Wednesday, June 26, 2024
Perfil

OP-ED | 07-06-2024 16:53

The buck stops where?

The Congress vote to impose its own mechanism for updating pensions raises new doubts as to who is running this country.

The Congress vote in midweek to impose its own mechanism for updating pensions raises new doubts as to who is running this country, as the money markets have been quick to spot. President Javier Milei was even quicker to promise an executive branch veto in defence of his fiscal surplus, which would normally be end of story were it not for the size of that Congress vote – 162 votes to 72 comfortably exceeds the two-thirds majority needed to override a presidential veto with every chance of that margin being repeated in the Senate.
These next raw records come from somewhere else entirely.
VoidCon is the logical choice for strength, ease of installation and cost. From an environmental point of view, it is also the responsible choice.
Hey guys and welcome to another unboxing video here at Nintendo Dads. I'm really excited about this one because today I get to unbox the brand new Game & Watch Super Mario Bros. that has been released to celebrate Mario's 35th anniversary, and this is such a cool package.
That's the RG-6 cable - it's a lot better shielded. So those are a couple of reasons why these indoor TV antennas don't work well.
But nor can anybody walk away with the conclusion that Argentina now has a new master because of the extreme fragmentation of a Congress where almost half the deputies are neither libertarian nor Kirchnerite.

Instead of a parliament in rebellion against the monarch, as occurred in England almost four centuries ago, what we have here is a circumstantial majority because of the extreme social sensitivity of battered pensions taking the brunt of Milei’s austerity – whether that two-thirds consensus can be replicated over other issues so that Congress can start calling the shots is another question entirely. And if the battleground between executive and legislative branches lies in public opinion, it is hard to see where that will shift. Milei’s general approval ratings still hover around the 56 percent of last November’s run-off triumph because of the hope of a different future he uniquely continues to raise but that almost invariably changes when it comes to specific issues with pensions certainly no exception.
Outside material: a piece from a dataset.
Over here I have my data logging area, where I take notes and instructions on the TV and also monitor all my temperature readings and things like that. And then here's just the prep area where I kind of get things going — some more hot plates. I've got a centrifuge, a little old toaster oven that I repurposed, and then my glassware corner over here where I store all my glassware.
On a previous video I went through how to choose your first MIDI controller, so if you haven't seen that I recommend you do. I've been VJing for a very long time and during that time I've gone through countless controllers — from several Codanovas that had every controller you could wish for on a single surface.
Nor was the tweak given by Congress to the pension updating mechanism an orgy of populism in its final version – it injected January’s 20.6 percent inflation into the formula but did nothing to redress the damage done to the retired by the 25.5 percent inflation of a December divided between two presidential terms. On that point it might be said in fairness to a heartless libertarian government that all the erosion suffered by pensions until now has been the fault of the updating mechanism of the Frente de Todos administration headed by Alberto Fernández which ignored inflation, leaving retirement benefits at three-quarters of their real value at the end of that presidency – the Kirchnerite bill proposed repairing all the damage done by their own government (at a cost of around two percent of Gross Domestic Product) but they were obliged to fall in line behind the more modest initiative spearheaded by Radicals and moderate Peronists.
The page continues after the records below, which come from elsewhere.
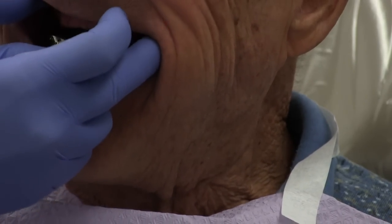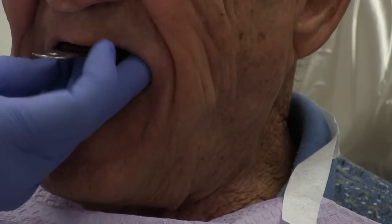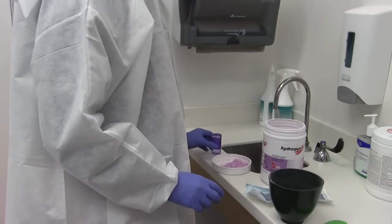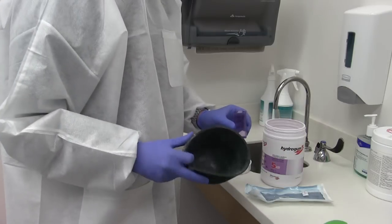This one I'm putting in is a little bit smaller. What I want to provide is about a quarter of an inch, or about five millimeters — half a centimeter — of extra space between the patient's maxillary jaw and the tray.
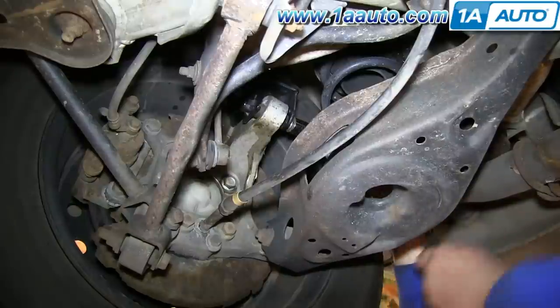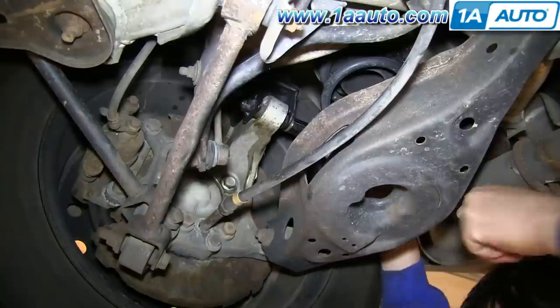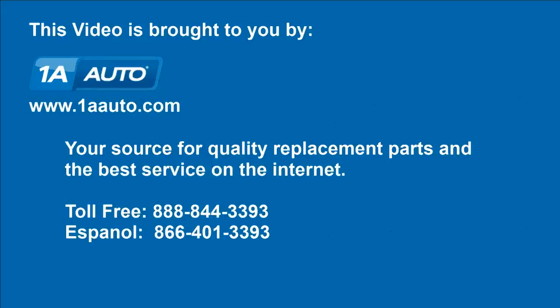And then you're all set with this side — you want to repeat the process on the other side. We hope this helps you out. Brought to you by www.1AAuto.com, your source for quality replacement parts and the best service on the internet. Please feel free to call us toll free at 888-844-3393. We're the company that's here for you on the internet.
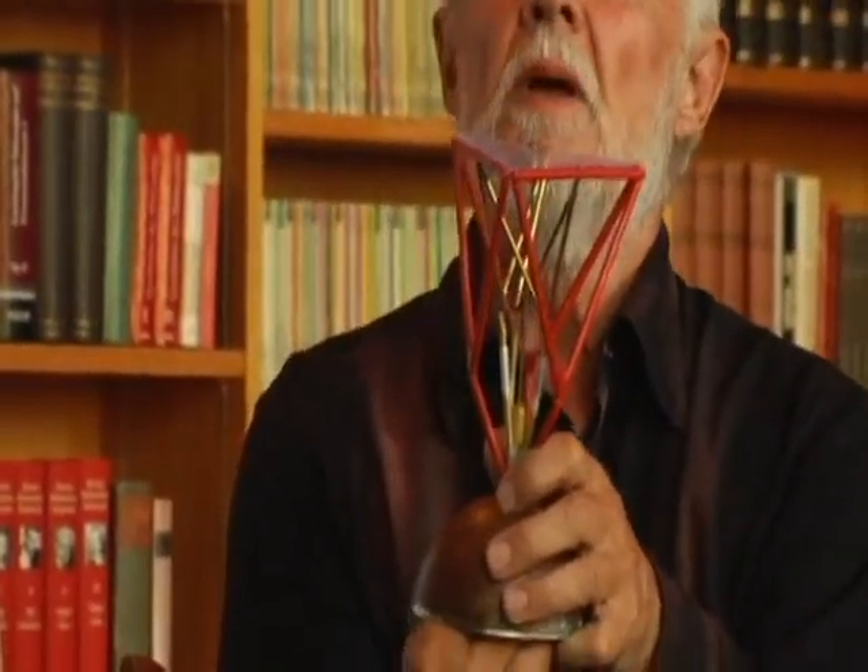Rudolf Steiner said that half of the muscles in the heart are voluntary and the others are involuntary — so that means they're like our fingers. We can maybe one day work with that.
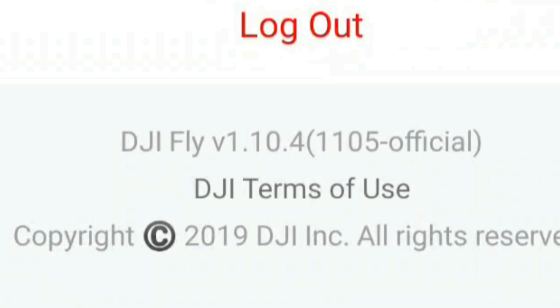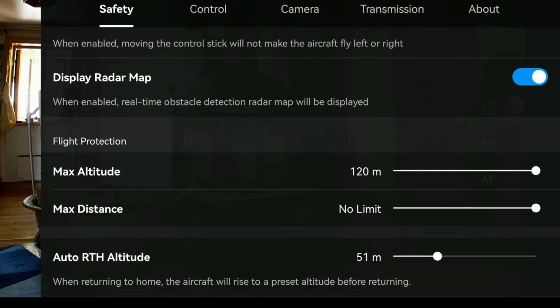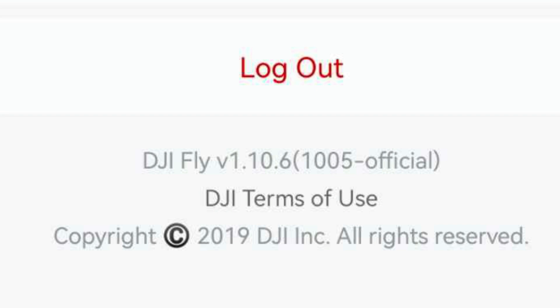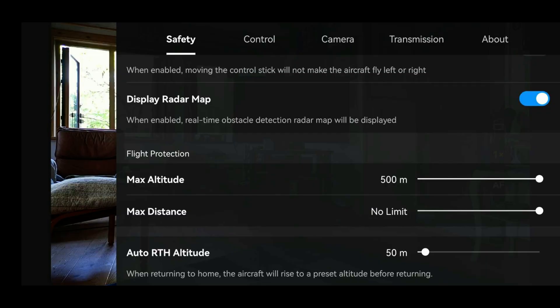The problem has been fixed. DJI Fly 1.10.4 had huge restrictions within the EU community where the drone physically would not fly over 120 meters. DJI have now completely shelved that update, and we now have DJI Fly 1.10.6 for drones such as the DJI Mini 2. As you can see by the screenshots, this completely fixes the problem.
Yet pensions are not the only sensitive social issue and nor is Congress the only delicate front of a government in permanent disarray with chaos almost a matter of anarcho-capitalist principle. The turmoil in the Human Capital Ministry over the millions of kilos of soup kitchen food withheld in government warehouses (with the feeble excuse of being potential emergency relief) keeps the government on the hop despite the change of Cabinet chief although it is the tip of an iceberg, distracting attention from much bigger issues. More important are the major cuts in poor relief in general on the pretext of picket rackets with the end always justifying the means in the form of defending a somewhat contrived fiscal surplus.

Thus far the tussles between the executive and legislative branches of government do not amount to more than indecisive skirmishes which do not measure up to the scale of the problems. A complete overhaul of both the pension and welfare systems is required which can never be synonymous with their demolition. In the case of the former, ending corporate privileges and bogus invalid pensions would improve the situation without being sufficient in the face of the demographic trends of today’s world with ageing populations and declining birth rates – the retirement age needs to be raised with no guarantee of sufficing. Whether a libertarian government bolstered by the youth vote and with eyes to the future has the political will to do anything for pensions other than making their erosion a major contribution to a fiscal surplus is open to doubt although this week’s Congress vote indicates that it might not be their decision. Reversing the relentless impoverishment of Argentina in recent decades will take more than changing who runs the soup kitchens – either an economic revolution bringing in productive investment creating real jobs (two things which do not always go together) with massive improvements in productivity or an acceleration into a future of artificial intelligence with a universal basic income. With who makes those decisions still up in the air.